Kirsten Koch uses a process called botanical dying which involves placing organic material including leaves, flowers, seed pods and fruit directly on to fabric.
Instead of placing the fabric into an immersive dye, a mordant, or fixative is used to set the dye into the fabric.
Koch aims to keep the process as natural as possible, using fixatives including vinegar, iron, copper or zinc to set the colours.
"Some of them are modifiers as well, such as iron, so they will change the colour as well as set the dye into the fabric."
Koch was experimenting with different materials but so far had found wool was ideal to capture the soft, muted hues.
Koch was inspired by her mother Eleanor who taught her to extract fibres and dyes from plants on their native tree nursery when she was growing up.
"She would spin, natural dye, draft and knit clothing and blankets for the family and our friends."
Another inspiration was the work of Australian artist India Flint, who teaches botanical dyeing in Australia.
A particular focus for Koch was to experiment using native plants including kapuka, mahoe and mahoe wao.
"My parents had a native tree nursery when I was growing up so I’m very interested in conservation but also learning more about the properties of New Zealand natives."
Some results were like a print, showing details of the plants.

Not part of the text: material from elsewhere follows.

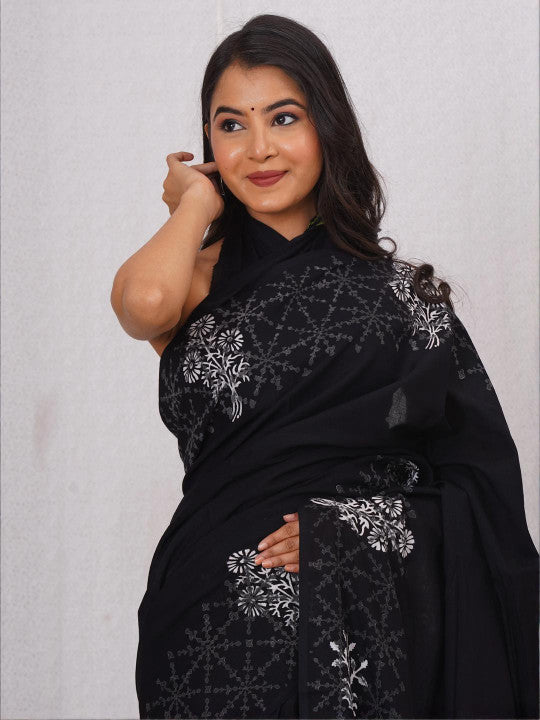 Black Floral Printed Saree with Geometric Details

"I started calling it botanical dying but it’s also botanical printing."
Because fabric had depth and fibre, results varied depending on how the dye interacted with the fabric, she said.
"So you’re absorbing all of the dye into that fabric, and you’re also printing quite precise prints sometimes."
Koch has been sharing the results of her experiments on social media and she hopes to inspire others and teach them how to colour fabrics using her unique process.